As much as Greg Heo would like you to believe that I miss using Mercurial, I don’t. 😉 I used hg for two years while working at Instagram/Facebook and was happy to return to git as my primary source control management tool. I prefer Git’s model and workflow, but that’s a discussion for another post. Anyway, there is one thing I do miss about hg — the smartlog extension. You can find this an other Mercurial extensions by Facebook here.

hg smartlog displays the graph of commits that are relevant to you, and highlights your current commit in purple.

I wanted this (or something similar) in Git. The closest thing out-of-the-box is git log, but it’s rather unusable on its own. By default, it lists all commits with the full commit message, along with metadata like date and author. If you want the full history, this works. But rarely does one want this level of verbosity when needing to quickly check recent history or when trying find a specific commit. Give it a try. Run git log in one of your repos.

Creating an alias

Creating Git aliases (or shortcuts) is easy. For example, git config --global alias.co checkout sets co as an alias for checkout. After setting this, running git co is the same as the more verbose git checkout. Note that even with an alias set, both commands will still work.

Customizing git log

As you can read in the docs for git-log, there are a ton of options to pass to log, including an overwhelming amount of “pretty format” options. There’s a more digestible, high-level overview in section 2.3 of the Git book. After experimenting with these various options, here’s what I came up with:

$ git log --graph --pretty=format:'commit: %C(bold red)%h%Creset %C(red)<%H>%Creset %C(bold magenta)%d %Creset%ndate: %C(bold yellow)%cd %Creset%C(yellow)%cr%Creset%nauthor: %C(bold blue)%an%Creset %C(blue)<%ae>%Creset%n%C(cyan)%s%n%Creset'

Obviously, it is impossible to type this every time you want to run log.

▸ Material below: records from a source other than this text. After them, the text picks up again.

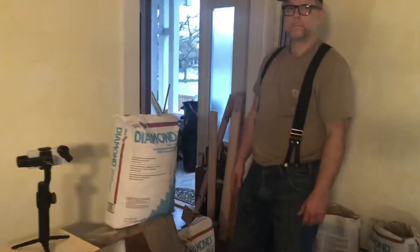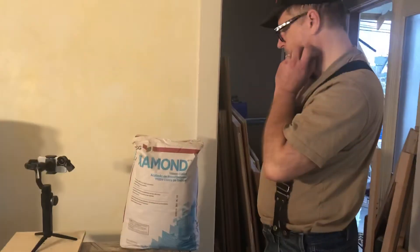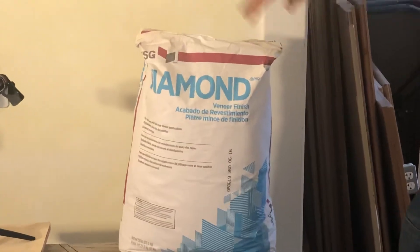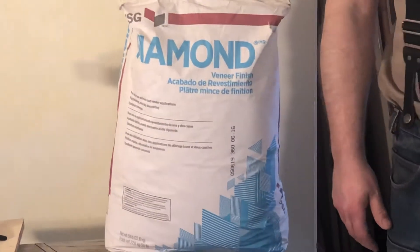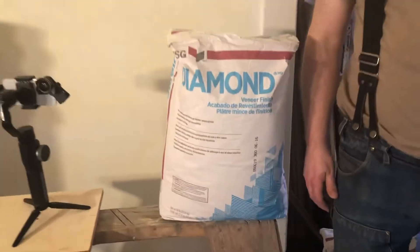Okay, so you've got plaster. Yep, today is plaster day. So today we're going to be putting on Diamond, which is what this is. It's a top coat. It's veneer plaster, so it's not really like what they put on in the house in the old days, but it's good stuff.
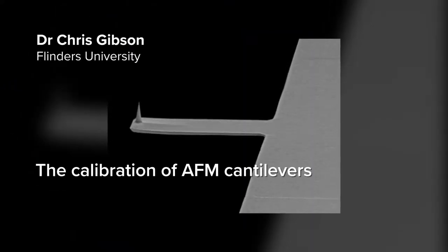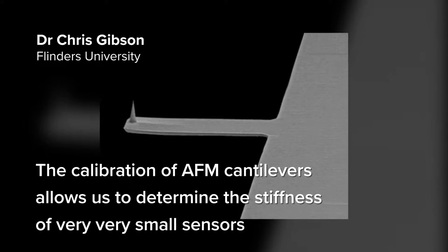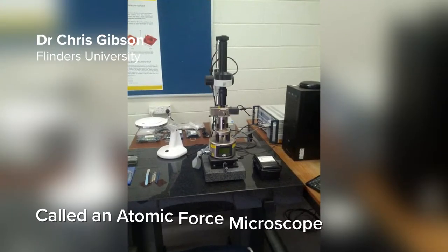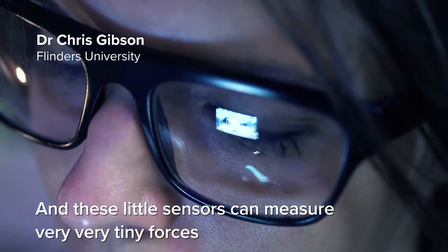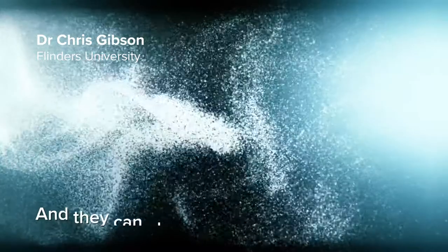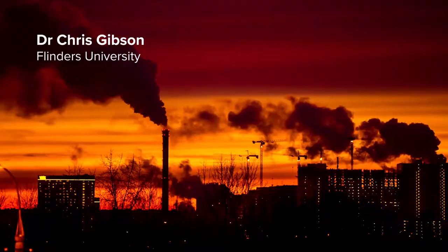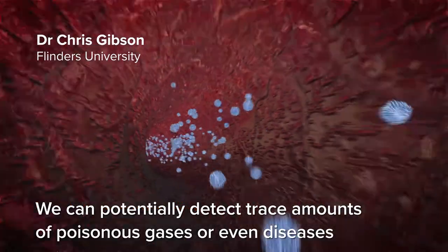The calibration of AFM cantilevers allows us to determine the stiffness of very small sensors used in a special kind of microscope called an atomic force microscope. These little sensors can measure very tiny forces, which allows us to measure the strength of molecular bonds. They can also be used to measure very small masses, which means we can potentially detect trace amounts of poisonous gases or even diseases.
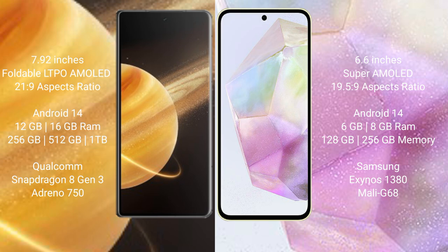Both the Honor Magic V3 and Samsung Galaxy A35 run on Android 14. Honor Magic V3 comes with 12GB or 16GB RAM and 256GB, 512GB, or 1TB internal storage, powered by the Qualcomm Snapdragon 8 Gen 3 processor and Adreno 750 GPU.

So you can set an alias called “smartlog”. You can also find a gist here.

$ git config --global alias.smartlog "log --graph --pretty=format:'commit: %C(bold red)%h%Creset %C(red)<%H>%Creset %C(bold magenta)%d %Creset%ndate: %C(bold yellow)%cd %Creset%C(yellow)%cr%Creset%nauthor: %C(bold blue)%an%Creset %C(blue)<%ae>%Creset%n%C(cyan)%s%n%Creset'"

Here’s a comparison (using IGListKit) between the default git log (left) and this new git smartlog (right):

git-smartlog

git-smartlog before and after

The default log displays the commit hash, author, date, and full commit message. The result is barely seeing just two commits. By contrast, smartlog displays the 10 most recent commits. Let’s breakdown what’s happening how it corresponds to the options passed to --pretty=format:. The first line contains the abbreviated commit hash (%h) in bold, followed by the full commit hash (%H). If available, ref names (e.g. branches, tags, etc.) (%d) come after the commit. The second line displays the RFC2822 style date (%cd) followed by a relative date (e.g. “2 days ago”) (%cr). Next is the author name (%an) and email (%ae). Finally, there’s the commit subject (%s). Interspersed in --pretty=format: are color settings, for example %C(red) sets the color to red and %Creset resets to the default terminal color. And %n inserts a newline.

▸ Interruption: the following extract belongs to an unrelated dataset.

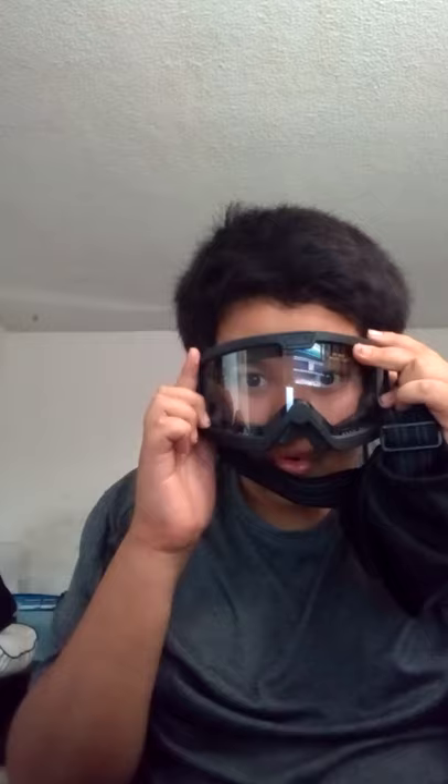That is the OTG goggles. Let me try to get a thumbnail with this. I look so ugly. So thank you guys so much for watching. I'm going to be doing a shotgun unboxing video — don't miss that video.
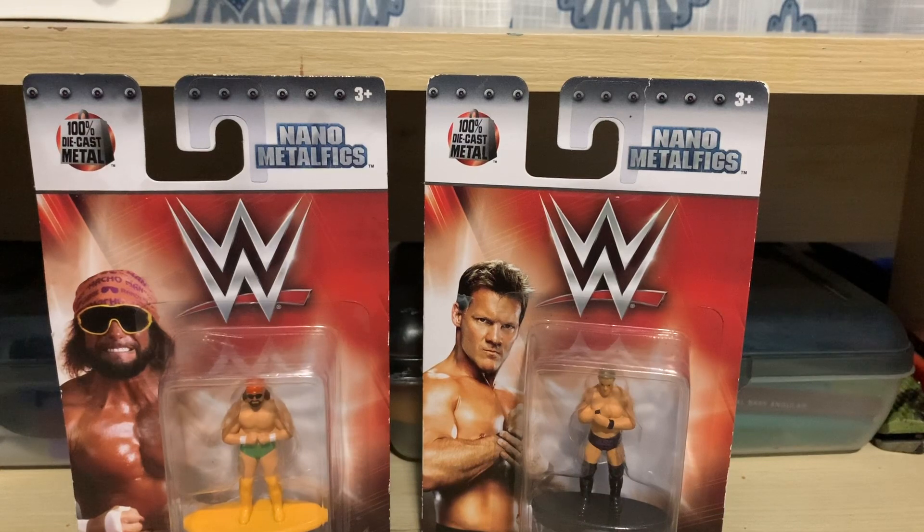Hey everybody, welcome back to another one of my savage videos. Today we got another unboxing and review. I know I missed a couple of uploads in the past couple of weeks, I'm sorry about that. But to make it up next week — and I'm guaranteeing this now — I will upload a video of a custom figure, so stay tuned till next week.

You’ve probably noticed that this doesn’t exactly match the behavior of hg smartlog, which shows only your commits. You can fix that by specifying an author, git smartlog --author='Jesse Squires'. You can specify anyone on your team, which could also be useful. That command is rather long, so you can set another alias.

$ git config --global alias.me '!git smartlog --author=Jesse Squires'
# usage: git me

Notice that you can reference your previous alias (smartlog) within this one. You can use the same technique to abbreviate smartlog to sl. Yes, you can set aliases for your aliases.

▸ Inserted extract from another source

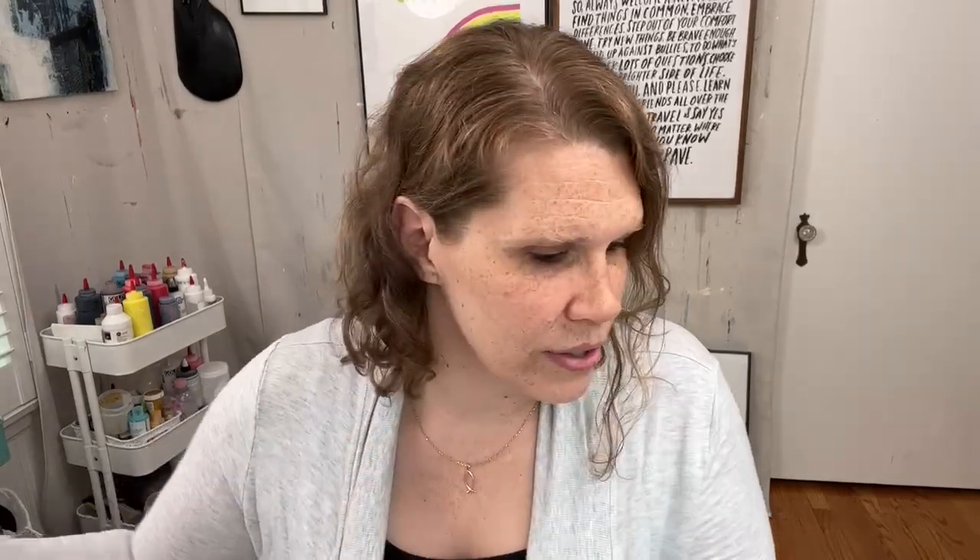Even if you leave it out forever, if there's dried medium on it, you can just peel it off, which is even more satisfying than wiping it with the baby wipe. So I cannot recommend these highly enough. They make fun, grungy marks on paper and canvas — you can put it on thick and get these big thick marks. I love it.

$ git config --global alias.sl '!git smartlog'
# usage: git sl

Other useful aliases for Git

Here are a few more aliases that I find useful. Some are simply “shortcuts” for existing commands (like st for status) while others provide more a user-friendly interface for somewhat obscure commands (like uncommit).

alias.co=checkout
alias.br=branch
alias.cm=commit
alias.st=status
alias.unstage=reset HEAD --
alias.uncommit=reset --soft HEAD^
alias.purge=clean -fd
alias.dif=diff
alias.pick=cherry-pick

Git aliases are pretty powerful and super useful to increase your productivity. Not to mention, they help smooth out Git’s rough edges.